Furthermore, share repurchases can be used to manipulate financial metrics. All financial ratios that include the number of shares outstanding (notably earnings per share, or EPS) will be affected by share repurchases. Since compensation may be tied to reaching a high enough EPS number, there is an incentive for executives and management to try to boost EPS by repurchasing shares. Inaccurate EPS numbers are not good for investors because they imply a degree of financial health that may not exist.
From the investor's standpoint, one drawback of share repurchases is that it's hard to judge how it will affect the valuation of the company. Companies often announce repurchases and then fail to complete them, but repurchase completion rates increased after companies were forced to retroactively disclose their repurchase activity. It is difficult for shareholders, especially relatively uninformed ones, to judge how the announcement will affect the value of their holdings if there is no guarantee that the full announced repurchase will occur.
Reverse splits are when a company reduces the number of shares outstanding by offering a number of new shares for each old one.
Define a reverse split
By owning a share, the shareholder owns a percentage of the company whose share s/he owns. A share, however, does entitle the shareholder to a specific percentage ownership; the amount of the company that the shareholder owns is dependent of the number of shares owned and the number of shares outstanding. If Jim owns 10 shares of Oracle, and there are 1,000 shares outstanding, Jim effectively owns 1% of Oracle. If the number of shares outstanding were to double to 2,000, Jim's 10 shares would now correspond to a 0.5% ownership stake. In order for Jim's ownership stake to remain constant, the number of shares he holds must change in proportion to change in outstanding shares: he must own 20 shares if there are 2,000 shares outstanding.
That is the premise behind a reverse stock split. In a reverse stock split (also called a stock merge), the company issues a smaller number of new shares. New shares are typically issued in a simple ratio, e.g. 1 new share for 2 old shares, 3 for 4, etc.
The reduction in the number of issued shares is accompanied by a proportional increase in the share price. A company with a market capitalization of $1,000,000 from 1,000,000 shares trading at $1 chooses to reduce the number of outstanding shares to 500,000 through a reverse split. This leads to a corresponding rise in the stock price to $2.
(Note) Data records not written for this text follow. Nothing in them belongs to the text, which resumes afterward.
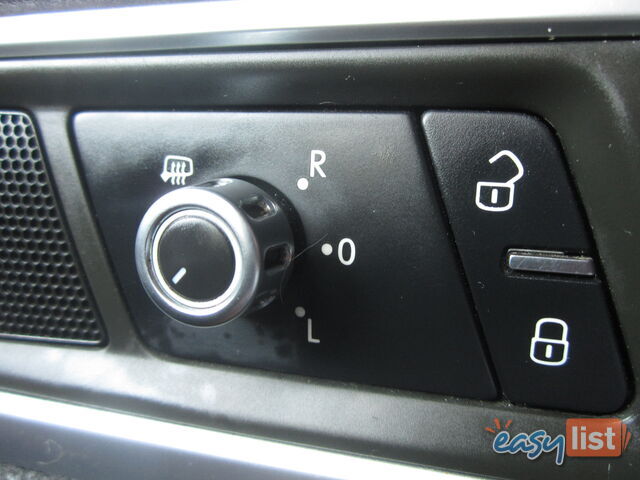 2011 Volkswagen Touareg 7P MY12 V6TDI Wagon Automatic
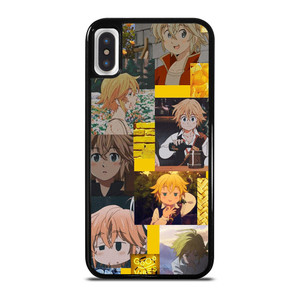 7 DEADLY SINS MELIODAS COLLAGE iPhone X / XS Case 7 DEADLY SINS MELIODAS COLLAGE iPhone X / XS Case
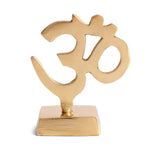 Brass OM Sculpture for Car Dashboard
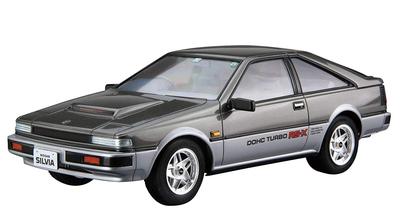 Aoshima Bunka Kyozai The Model Car Series 84 Nissan S12 Turbo 1984 Plastic Model (AOSHIMA) 1/24 No. Silvia/Segale RS-X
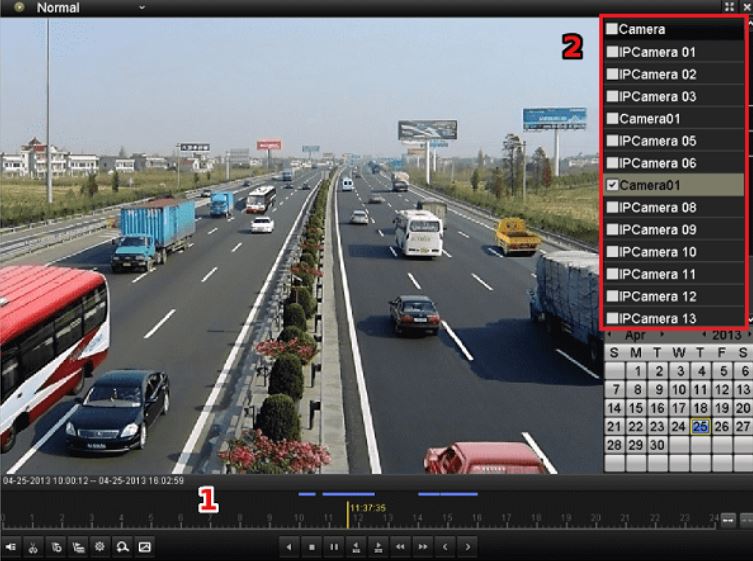 Cách xem camera trên tivi Hisense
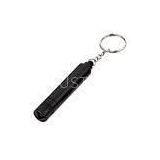 PS, PVC, METAL Material LED Flashlight Keyring With CE,RoHS for Promotional Gift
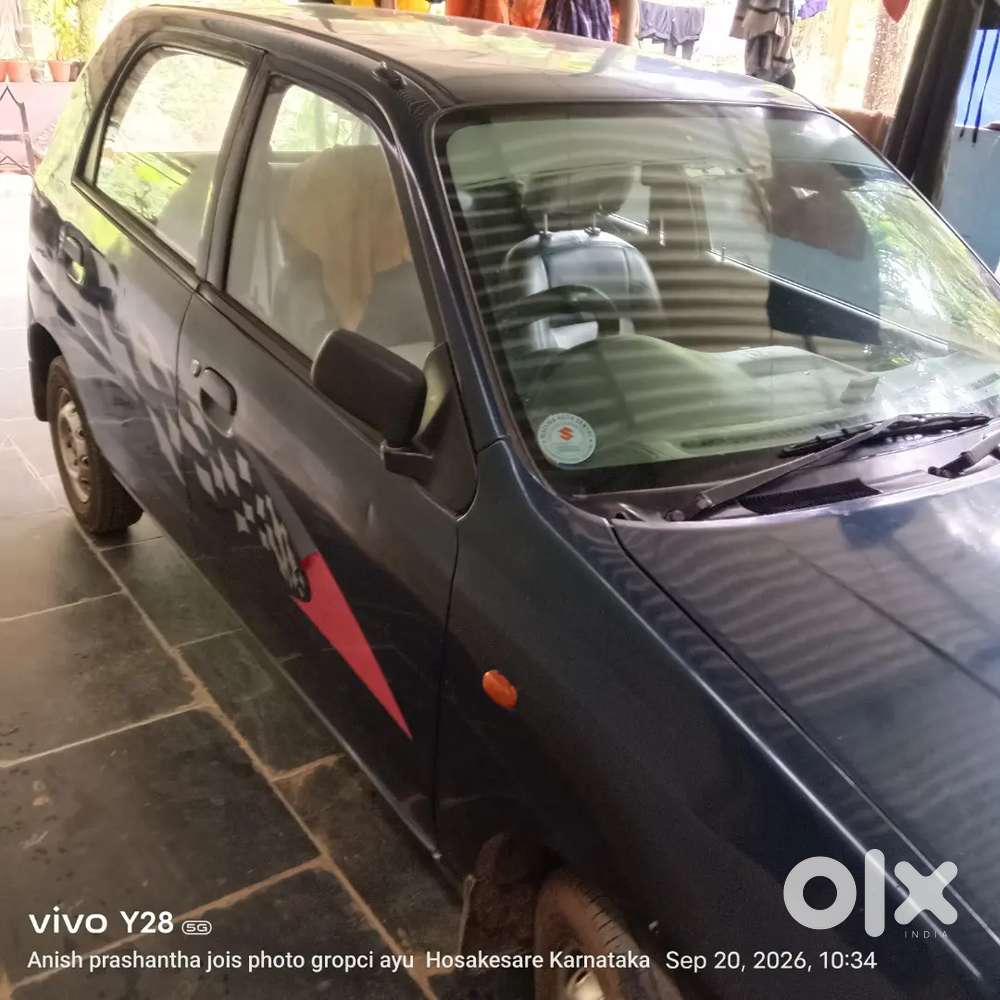 Maruti Suzuki Alto Lxi 2009 Car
There is a stigma attached to doing a reverse stock split, so it is not initiated without very good reason and may take a shareholder or board meeting for consent. Many institutional investors and mutual funds, for example, have rules against purchasing a stock whose price is below some minimum. In an extreme case, a company whose share price has dropped so low that it is in danger of being delisted from its stock exchange, might use a reverse stock split to increase its share price. For these reasons, a reverse stock split is often an indication that a company is in financial trouble.
A reverse stock split may be used to reduce the number of shareholders. If a company completes reverse split in which 1 new share is issued for every 100 old shares, any investor holding less than 100 shares would simply receive a cash payment. If the number of shareholders drops, the company may be placed into a different regulatory categories and may be governed by different laws.
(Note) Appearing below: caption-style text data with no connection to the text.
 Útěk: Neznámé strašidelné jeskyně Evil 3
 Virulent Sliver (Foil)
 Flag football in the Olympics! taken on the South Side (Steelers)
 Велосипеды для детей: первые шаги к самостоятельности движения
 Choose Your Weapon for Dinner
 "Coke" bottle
Share repurchases are beneficial when the stock is undervalued, management needs to meet a financial metric, or there is a takeover threat.
Discuss the benefits of a company repurchasing its shares
A company may seek to repurchase some of its outstanding shares for a number of reasons. The company may feel that the shares are undervalued, an executive's compensation may be tied to earnings per share targets, or it may need to prevent a hostile takeover.
For shareholders, the primary benefit is that those who do not sell their shares now have a higher percent ownership of the company's shares and a higher price per share. Those who do choose to sell have done so at a price they are willing to sell at - unless there was a 'put' clause, in which case they had to sell because of the structure of the share, something they would have already known when they bought the shares.
Repurchasing shares may also be a signal that the manager feels that the company's shares are undervalued. In this event, it will choose to repurchase shares, and then resell them in the open market once the price increases to accurately reflect the value of the company.
In some instances, executive compensation may be tied to meeting certain earnings per share (EPS) metrics. If management needs to boost the EPS of the company to meet the metric, s/he has two choices: raise earnings or reduce the number of shares. If earnings cannot be increased, there are a number of ways to artificially boost earnings (called earnings management), but s/he can also reduce the number of shares by repurchasing shares. Strictly speaking, this is a benefit to the management and executives, not the company or the shareholders. -Thwart.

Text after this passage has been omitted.